I have a shapefile containing thousands of multipolygons, and dozensof different shapefiles. Following I am providing a small example/code with some toy insatnces (A multipolygons gpds and two points gpds).
import pandas as pd
import numpy as np
import geopandas as gpd
from shapely.geometry import Polygon
import random
# Create polygons
p1 = Polygon( [(0, 0), (0, 1), (0.5, 0.5)])
p2 = Polygon([(.75, 0), (1, .5), (.75, 1), (1.75, 0)])
p3 = Polygon([(2, 0), (2, 1), (3, 0)])
polygons = gpd.GeoDataFrame([p1, p2, p3], columns={'geometry'})
polygons['name'] = ["a", "b", "c"]
# Create red points
redPoints = gpd.GeoDataFrame(gpd.points_from_xy( np.random.uniform(0, 3, 50), np.random.uniform(0, 1, 50)), columns = ['geometry'])
# Create green points
greenPoints = gpd.GeoDataFrame(gpd.points_from_xy( np.random.uniform(1, 3, 50), np.random.uniform(0, 1, 50)), columns = ['geometry'])
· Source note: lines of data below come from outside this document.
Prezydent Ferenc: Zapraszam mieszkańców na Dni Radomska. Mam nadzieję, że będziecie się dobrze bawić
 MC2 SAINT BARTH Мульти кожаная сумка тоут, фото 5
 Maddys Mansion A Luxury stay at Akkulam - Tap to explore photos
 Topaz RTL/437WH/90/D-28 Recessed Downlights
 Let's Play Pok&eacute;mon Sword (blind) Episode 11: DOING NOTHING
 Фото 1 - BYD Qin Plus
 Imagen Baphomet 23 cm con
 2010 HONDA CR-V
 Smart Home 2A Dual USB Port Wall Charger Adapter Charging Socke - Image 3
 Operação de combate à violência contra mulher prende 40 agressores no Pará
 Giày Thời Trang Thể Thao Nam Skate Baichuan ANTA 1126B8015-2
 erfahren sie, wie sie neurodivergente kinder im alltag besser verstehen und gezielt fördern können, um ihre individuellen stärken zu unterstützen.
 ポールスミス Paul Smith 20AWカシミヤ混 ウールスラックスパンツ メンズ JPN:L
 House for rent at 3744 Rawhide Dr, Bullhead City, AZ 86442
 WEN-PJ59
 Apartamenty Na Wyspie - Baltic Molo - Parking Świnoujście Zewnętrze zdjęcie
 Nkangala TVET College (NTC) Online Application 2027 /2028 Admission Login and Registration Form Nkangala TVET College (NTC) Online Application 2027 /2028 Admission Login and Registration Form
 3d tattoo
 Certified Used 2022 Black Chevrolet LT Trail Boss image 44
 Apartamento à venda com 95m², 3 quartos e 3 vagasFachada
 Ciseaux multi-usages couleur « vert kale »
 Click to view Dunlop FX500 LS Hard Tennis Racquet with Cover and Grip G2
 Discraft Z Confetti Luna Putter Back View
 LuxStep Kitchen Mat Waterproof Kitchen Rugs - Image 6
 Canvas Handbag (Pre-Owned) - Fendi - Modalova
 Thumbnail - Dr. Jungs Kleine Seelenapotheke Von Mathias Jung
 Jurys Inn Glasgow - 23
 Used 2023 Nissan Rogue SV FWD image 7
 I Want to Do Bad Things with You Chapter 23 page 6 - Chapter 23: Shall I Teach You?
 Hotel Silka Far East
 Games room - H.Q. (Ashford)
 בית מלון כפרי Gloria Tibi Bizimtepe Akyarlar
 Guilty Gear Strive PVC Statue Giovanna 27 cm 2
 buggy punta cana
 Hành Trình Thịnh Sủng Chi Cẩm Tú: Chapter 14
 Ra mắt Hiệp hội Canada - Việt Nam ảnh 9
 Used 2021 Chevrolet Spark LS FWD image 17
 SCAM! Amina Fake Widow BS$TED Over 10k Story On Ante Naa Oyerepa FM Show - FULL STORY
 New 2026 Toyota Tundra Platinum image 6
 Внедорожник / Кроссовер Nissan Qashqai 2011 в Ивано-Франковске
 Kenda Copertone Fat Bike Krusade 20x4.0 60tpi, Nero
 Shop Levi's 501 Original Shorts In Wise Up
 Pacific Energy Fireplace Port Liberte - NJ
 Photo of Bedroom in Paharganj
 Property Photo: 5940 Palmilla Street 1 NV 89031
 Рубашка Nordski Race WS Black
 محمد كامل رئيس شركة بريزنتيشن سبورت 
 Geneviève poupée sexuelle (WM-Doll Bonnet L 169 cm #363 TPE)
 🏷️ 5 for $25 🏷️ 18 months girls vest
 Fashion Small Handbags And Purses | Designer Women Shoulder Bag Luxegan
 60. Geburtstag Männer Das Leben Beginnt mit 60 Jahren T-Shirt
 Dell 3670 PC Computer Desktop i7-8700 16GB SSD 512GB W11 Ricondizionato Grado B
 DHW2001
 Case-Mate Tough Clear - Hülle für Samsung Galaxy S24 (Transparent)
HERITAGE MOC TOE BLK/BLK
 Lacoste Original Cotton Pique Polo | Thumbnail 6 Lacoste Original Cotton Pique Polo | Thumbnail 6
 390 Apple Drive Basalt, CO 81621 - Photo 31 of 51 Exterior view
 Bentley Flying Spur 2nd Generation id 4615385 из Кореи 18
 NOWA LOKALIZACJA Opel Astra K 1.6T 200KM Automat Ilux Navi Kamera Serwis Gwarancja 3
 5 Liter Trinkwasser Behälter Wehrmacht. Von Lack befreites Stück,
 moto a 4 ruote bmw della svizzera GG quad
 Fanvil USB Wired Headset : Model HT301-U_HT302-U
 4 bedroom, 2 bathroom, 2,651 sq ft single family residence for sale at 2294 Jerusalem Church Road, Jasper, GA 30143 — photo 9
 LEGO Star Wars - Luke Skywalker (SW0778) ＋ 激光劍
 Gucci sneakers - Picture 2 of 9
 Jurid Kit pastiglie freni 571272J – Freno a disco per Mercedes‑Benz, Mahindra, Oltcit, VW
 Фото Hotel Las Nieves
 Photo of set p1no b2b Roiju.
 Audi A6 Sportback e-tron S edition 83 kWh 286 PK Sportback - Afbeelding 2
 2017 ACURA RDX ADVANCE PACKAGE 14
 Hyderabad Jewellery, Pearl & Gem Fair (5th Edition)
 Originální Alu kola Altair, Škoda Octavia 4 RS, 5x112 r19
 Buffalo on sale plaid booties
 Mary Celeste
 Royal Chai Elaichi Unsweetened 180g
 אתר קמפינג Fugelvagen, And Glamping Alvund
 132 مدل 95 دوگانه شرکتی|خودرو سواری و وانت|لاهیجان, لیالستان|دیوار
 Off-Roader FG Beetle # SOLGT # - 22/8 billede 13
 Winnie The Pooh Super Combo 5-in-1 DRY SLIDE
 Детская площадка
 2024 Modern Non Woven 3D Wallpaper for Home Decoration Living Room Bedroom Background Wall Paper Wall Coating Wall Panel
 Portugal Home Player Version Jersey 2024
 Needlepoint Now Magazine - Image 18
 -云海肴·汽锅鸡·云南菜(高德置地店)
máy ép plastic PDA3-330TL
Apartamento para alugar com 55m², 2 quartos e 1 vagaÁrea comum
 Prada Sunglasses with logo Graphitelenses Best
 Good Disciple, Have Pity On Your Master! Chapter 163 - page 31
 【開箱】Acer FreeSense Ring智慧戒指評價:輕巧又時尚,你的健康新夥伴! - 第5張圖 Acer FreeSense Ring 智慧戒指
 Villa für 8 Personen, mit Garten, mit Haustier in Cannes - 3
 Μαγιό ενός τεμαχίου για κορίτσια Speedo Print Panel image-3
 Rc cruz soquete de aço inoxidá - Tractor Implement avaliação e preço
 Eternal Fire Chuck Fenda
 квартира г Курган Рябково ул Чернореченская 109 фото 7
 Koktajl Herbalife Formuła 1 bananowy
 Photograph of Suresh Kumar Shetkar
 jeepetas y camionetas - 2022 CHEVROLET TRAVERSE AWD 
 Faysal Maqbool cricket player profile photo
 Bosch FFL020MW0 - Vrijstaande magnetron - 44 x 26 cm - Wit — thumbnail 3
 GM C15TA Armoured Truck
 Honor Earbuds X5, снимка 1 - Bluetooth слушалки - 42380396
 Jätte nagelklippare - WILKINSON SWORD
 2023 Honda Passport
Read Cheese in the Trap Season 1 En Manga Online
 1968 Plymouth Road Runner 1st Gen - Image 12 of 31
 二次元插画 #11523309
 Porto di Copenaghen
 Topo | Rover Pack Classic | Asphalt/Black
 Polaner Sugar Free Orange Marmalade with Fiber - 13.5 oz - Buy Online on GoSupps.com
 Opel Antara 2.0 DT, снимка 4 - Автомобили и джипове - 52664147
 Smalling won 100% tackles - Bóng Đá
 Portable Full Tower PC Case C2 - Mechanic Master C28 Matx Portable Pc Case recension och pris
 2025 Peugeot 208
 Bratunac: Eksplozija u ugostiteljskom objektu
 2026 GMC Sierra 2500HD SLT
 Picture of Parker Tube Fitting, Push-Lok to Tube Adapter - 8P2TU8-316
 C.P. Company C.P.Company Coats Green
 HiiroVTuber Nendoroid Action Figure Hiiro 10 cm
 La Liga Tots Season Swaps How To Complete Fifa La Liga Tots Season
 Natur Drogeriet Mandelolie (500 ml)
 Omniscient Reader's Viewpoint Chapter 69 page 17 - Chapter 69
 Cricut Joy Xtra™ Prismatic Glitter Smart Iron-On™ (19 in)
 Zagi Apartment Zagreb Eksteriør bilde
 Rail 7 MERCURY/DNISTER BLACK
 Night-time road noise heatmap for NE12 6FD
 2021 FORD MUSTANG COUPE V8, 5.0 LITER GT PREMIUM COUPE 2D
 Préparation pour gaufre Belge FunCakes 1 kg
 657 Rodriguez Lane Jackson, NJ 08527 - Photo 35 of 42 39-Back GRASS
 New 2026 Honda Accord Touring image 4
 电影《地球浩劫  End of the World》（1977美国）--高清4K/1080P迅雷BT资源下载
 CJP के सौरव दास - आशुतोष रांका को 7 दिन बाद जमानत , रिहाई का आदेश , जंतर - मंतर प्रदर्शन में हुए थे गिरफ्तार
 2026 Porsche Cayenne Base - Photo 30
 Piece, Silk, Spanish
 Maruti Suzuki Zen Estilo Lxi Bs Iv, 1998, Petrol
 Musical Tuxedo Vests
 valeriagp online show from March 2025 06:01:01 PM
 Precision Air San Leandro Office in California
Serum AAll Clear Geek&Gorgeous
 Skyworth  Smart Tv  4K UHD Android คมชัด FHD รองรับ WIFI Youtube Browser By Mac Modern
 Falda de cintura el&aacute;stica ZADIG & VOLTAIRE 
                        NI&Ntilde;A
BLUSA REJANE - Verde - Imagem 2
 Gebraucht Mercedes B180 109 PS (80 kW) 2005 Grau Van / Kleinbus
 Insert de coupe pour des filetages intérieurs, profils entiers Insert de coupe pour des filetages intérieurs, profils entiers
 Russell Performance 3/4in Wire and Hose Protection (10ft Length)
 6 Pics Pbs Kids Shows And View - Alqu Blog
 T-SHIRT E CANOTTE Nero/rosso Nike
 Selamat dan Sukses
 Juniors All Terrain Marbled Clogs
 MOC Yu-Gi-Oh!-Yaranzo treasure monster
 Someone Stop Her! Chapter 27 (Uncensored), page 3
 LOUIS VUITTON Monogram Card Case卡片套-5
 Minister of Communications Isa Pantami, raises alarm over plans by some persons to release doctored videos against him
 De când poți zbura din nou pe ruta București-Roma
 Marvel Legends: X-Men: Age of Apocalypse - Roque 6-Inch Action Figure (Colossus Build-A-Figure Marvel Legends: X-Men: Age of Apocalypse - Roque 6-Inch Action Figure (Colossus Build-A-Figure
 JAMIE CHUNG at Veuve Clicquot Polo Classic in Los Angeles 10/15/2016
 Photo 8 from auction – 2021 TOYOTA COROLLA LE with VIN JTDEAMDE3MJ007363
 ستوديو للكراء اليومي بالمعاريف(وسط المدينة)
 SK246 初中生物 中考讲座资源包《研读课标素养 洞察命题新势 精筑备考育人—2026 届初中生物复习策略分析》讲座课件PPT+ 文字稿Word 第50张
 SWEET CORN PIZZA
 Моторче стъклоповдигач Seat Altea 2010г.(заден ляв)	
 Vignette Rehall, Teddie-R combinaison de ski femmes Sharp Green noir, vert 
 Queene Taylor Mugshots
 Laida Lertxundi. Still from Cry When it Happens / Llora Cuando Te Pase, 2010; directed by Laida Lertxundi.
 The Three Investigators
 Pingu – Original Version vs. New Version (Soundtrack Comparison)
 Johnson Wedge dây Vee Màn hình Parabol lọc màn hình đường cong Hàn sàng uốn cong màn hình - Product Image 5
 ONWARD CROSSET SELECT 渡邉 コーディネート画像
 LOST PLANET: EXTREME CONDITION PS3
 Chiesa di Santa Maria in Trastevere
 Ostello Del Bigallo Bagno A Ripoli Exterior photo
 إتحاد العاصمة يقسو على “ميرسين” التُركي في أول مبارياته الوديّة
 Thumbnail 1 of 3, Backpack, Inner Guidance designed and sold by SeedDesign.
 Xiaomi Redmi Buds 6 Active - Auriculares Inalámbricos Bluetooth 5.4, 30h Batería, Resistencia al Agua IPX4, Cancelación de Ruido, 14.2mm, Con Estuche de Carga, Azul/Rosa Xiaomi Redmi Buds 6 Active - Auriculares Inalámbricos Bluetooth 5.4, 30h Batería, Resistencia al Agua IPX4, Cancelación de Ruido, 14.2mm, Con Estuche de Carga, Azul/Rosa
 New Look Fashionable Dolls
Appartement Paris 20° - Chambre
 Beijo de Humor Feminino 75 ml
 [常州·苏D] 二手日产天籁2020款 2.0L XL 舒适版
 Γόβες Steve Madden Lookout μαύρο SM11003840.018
# plot polygons, red and green points
# ax = polygons.plot()
# redPoints.plot(ax = ax, c = 'r')
# greenPoints.plot(ax = ax, c = 'g')
I need to count the number of each type of points that is inside/intersects with eahc of the multipolygons and create a column specific for each point type. I know how to do this with two shapefiles, like something as follow:
# count green (g) points
gpointsInPolygon = gpd.sjoin(polygons,greenPoints, op='intersects')
gpointsInPolygon['number of green points']=1
gpointsInPolygon = gpointsInPolygon.groupby(['name']).agg({'number of green points':sum}).reset_index()
cgps = gpointsInPolygon.set_index('name').join(polygons.set_index('name'), how ='right')
cgps.fillna(0, inplace=True)
# count red (r) points
rpointsInPolygon = gpd.sjoin(polygons,redPoints, op='intersects')
rpointsInPolygon['number of red points']=1
rpointsInPolygon = rpointsInPolygon.groupby(['name']).agg({'number of red points':sum}).reset_index()
crps = rpointsInPolygon.set_index('name').join(polygons.set_index('name'), how ='right')
crps.fillna(0, inplace=True)
#crs
redgreens = pd.merge(cgps, crps, on="geometry")
result = pd.merge(redgreens, polygons, on='geometry' )
I think this is not an efficient way of doing this (no?). As I have more than 50 large shapefiles of different type of points. I am looking for an efficient way to implement this for large point shapefiles. Thanks!